Beset by declining polls in key battleground states and partywide fears that President Bush's $60 million ad campaign has begun to define Mr. Kerry in voters' minds as weak on national defense, the Massachusetts Democrat seeks to "reintroduce" himself to voters who remain undecided or say they could change their minds in the next six months.
"Why aren't voters jumping on his bandwagon? Because they don't know who he is and they don't know what he stands for," said Michigan-based Democratic pollster Ed Sarpolus.
Recent polls and surveys of small groups of undecided voters in key cities reinforce this view. At the same time, Democratic campaign strategists have been complaining that Mr. Kerry is all attack and has few fresh solutions, especially on what to do in Iraq and the war on terrorism.
"Kerry needs to become part of the solution before he identifies problems. That's why he's got to reintroduce himself. He has no choice. He needs to offset the erosion caused by Bush, whose ads have been effective. He needs to start telling his story," Mr. Sarpolus said.
Kerry campaign officials say the senator has made a strategic decision to "get back to basics" and that the largely biographical ads are an attempt to tell the country who he is and where he came from to boost his credibility with voters.

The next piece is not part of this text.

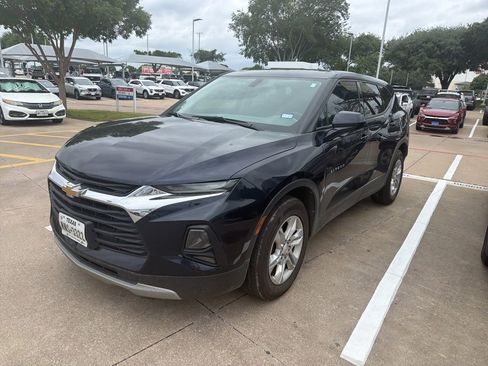 Used 2020 Chevrolet Blazer LT w/ LPO, Floor Liner Package FWD image 3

Kerry strategists hope that his war record will help dispel or blunt the Bush campaign's attacks against his long voting record for cuts in defense and intelligence spending -- issues that the Bush campaign has been flogging for weeks in battleground states such as Michigan, Ohio and Pennsylvania.
The Bush ads have "helped to shape people's opinions of [Mr. Kerry]," said Dan Trevas, chief spokesman for the Ohio Democratic Party.

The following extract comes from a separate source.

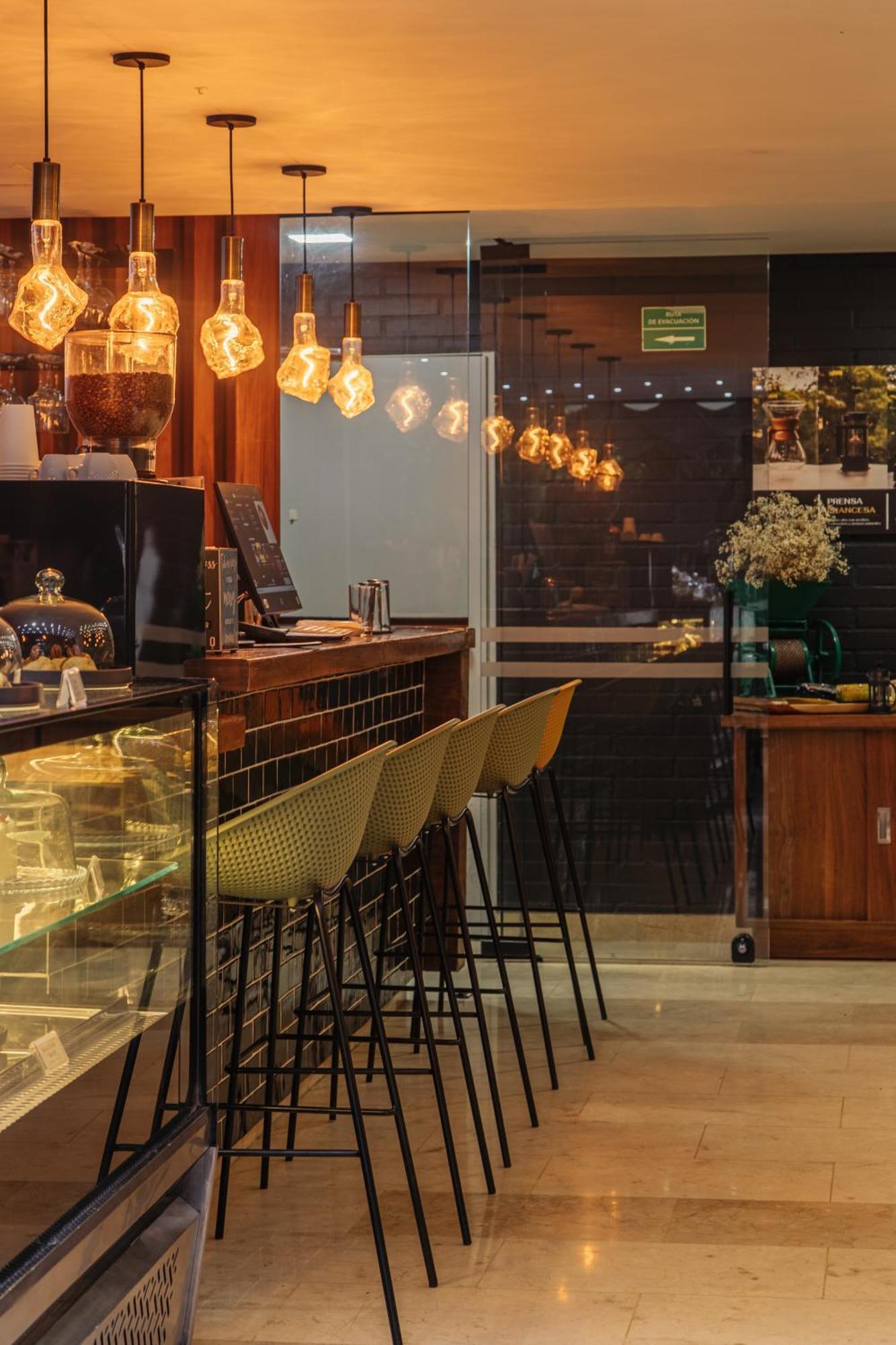 Cafe Hotel Medellin Bagian luar foto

One of the two new 60-second Kerry campaign ads features two Vietnam veterans, with heavy emphasis on Mr. Kerry's Vietnam exploits for which he received the Silver Star, Bronze Star and three Purple Heart medals.
In one ad, former Green Beret Jim Rasmussen, whom Mr. Kerry rescued, says, "When he pulled me out of the river, he risked his life to save mine."
The ads are a tacit acknowledgement that, despite a 19-year Senate career, Mr. Kerry has not become a nationally known figure in his party.
"I don't think it should come as a surprise that he was not a very well-known senator ... ," said Simon Rosenberg, president of the New Democrat Network and a veteran of past Democratic presidential campaigns. "He's up against a president who is well-known, and Kerry is not very well-defined in the campaign."
Bush campaign officials ridiculed the Kerry ads yesterday, saying that they pointedly say little if anything about his Senate career.
"The new ads say nothing about his record as a senator and about keeping America safe. That's a key question in this election, and these ads do not address that," says Bush campaign manager Ken Mehlman.
"After 19 years in the Senate, the two things he highlights [in the ads] is a vote for the largest tax increase in history and a vote for Ted Kennedy's health care legislation. That is very telling," said Matthew Dowd, the Bush campaign's pollster.
But Democratic strategists, who praised the new Kerry ads, expressed optimism about where Mr. Kerry is at this point in the campaign.
"Here we have a guy very few people know running against a guy who has more money than God, but who is not ahead in this race," Mr. Rosenberg said.
"But we've got six months to go, a lifetime in politics. In 1992, Bill Clinton was in third place behind Ross Perot in late June, yet he went on to win the election. A lot of voters won't kick in until late September. These ads are aimed at those voters," he said.